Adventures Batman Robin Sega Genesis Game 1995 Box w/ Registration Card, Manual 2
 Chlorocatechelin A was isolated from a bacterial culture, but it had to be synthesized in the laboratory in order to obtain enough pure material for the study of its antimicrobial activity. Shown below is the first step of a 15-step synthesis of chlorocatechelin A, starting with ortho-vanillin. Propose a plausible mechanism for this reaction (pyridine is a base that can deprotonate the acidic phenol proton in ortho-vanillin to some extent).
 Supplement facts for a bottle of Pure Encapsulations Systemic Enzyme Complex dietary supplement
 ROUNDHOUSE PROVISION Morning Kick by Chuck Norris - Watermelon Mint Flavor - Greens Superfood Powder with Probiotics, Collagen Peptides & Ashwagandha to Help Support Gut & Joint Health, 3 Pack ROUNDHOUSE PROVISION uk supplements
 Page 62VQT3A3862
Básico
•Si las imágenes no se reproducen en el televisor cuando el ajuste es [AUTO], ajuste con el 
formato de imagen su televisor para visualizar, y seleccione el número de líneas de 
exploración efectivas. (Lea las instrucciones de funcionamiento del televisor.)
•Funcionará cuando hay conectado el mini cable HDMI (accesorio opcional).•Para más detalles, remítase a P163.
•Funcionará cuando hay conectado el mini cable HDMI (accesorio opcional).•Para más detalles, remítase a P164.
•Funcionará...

^^^^^^^^

Exercise – Please find each line in the records above that holds the word "cable", and copy it.

Answer for this exercise –
•Funcionará cuando hay conectado el mini cable HDMI (accesorio opcional).•Para más detalles, remítase a P163.
•Funcionará cuando hay conectado el mini cable HDMI (accesorio opcional).•Para más detalles, remítase a P164.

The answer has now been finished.